The event was organised by the National Motor Museum in Beaulieu, Hampshire, whose mechanics spent more than 2,000 hours restoring just the engine.
Although the 18.3-litre monster was not fully let off the leash during a low-speed demonstration, the car known as Blue Bird still possessed its distinctive roar.
Mr Wales, who even donned the same style clothing as Sir Malcolm, said: "It's quite incredible to think that 90 years ago today my grandfather achieved 150mph in this machine.
"To even sit in the car is something special, let alone drive it.
"I think if he were alive today he would probably be on my shoulder saying 'go on son, put your foot down more', because he was driven by speed.
"It's a fantastic machine and feeling the wind in your hair was something else."
Mr Wales, also a land-speed record holder at one time, added: "I was very nervous beforehand because I had never driven the car before - and I didn't want to blot my copybook.
"It has fearsome power and just kept wanting to go faster. It's a real feat of engineering."
Blue Bird was the brainchild of Sunbeam's chief engineer and racing team manager Louis Coatalen. Constructed at the company's works in Wolverhampton in 1919 and early 1920, its power came from a modified 18.322-litre V12 modified Manitou Arab aero engine.
The Sunbeam, renamed Blue Bird by Sir Malcolm, took three world land-speed records, the first by Kenelm Lee Guinness at Brooklands in 1922 with a speed of 133.75mph.
Sir Malcolm then purchased the car, had it painted in his distinctive colour scheme and in September 1924 achieved a new record of 146.16mph at Pendine, raising it the following year to 150.76mph.
The car was later sold and passed through a number of owners but was in poor condition when it was purchased by Lord Montagu in 1957 for his expanding motor museum.
It was restored to working order and when not on display it was taken to motoring venues in the UK, Europe and as far afield as South Africa.
Its last proper outing was at the British Automobile Racing Club Festival of Motoring at Goodwood in July 1962 when Lord Montagu took it on a three-lap demonstration run and Sir Malcolm's son Donald did a lap of honour.

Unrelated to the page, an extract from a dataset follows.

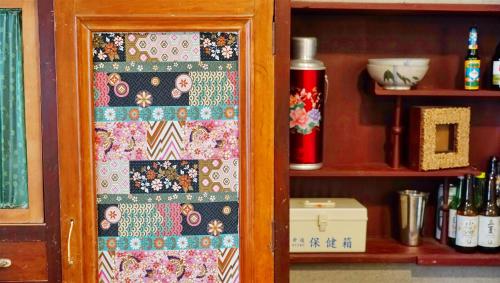 a quilt on a door of a cabinet at Chung Fu Inn in Tainan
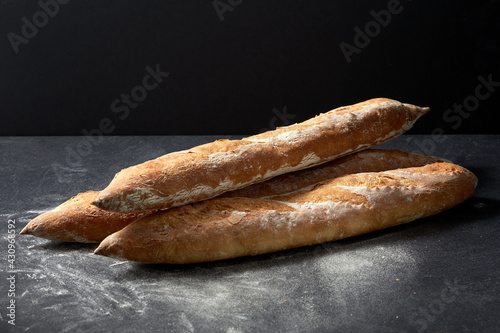food, baking and cooking concept - pile of baguette bread on table over dark background © Syda Productions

However, during a test fire-up in 1993 disaster struck when a blocked oilway in the engine caused it to seize and "throw a rod".
For several years after that, the car was on display in the museum with a very visible hole in its engine where the piston and connecting rod had exited.
But in January last year, the Sunbeam was fired up again - the first time it had been heard in public in more than 50 years - thanks to the National Motor Museum's workshop team.
Doug Hill, the museum's manager and chief engineer, said everyone connected with the Blue Bird was delighted to be able to celebrate its achievements.
He added: "Having spent over 2,000 hours on the engine alone, this low speed commemorative demonstration run is a fitting tribute both to the team of engineers at the museum involved in its restoration and to the original creators of the car.
"It is also a tribute to Lord Montagu who had the foresight to preserve this iconic motor car and to the courage and determination of Sir Malcolm Campbell."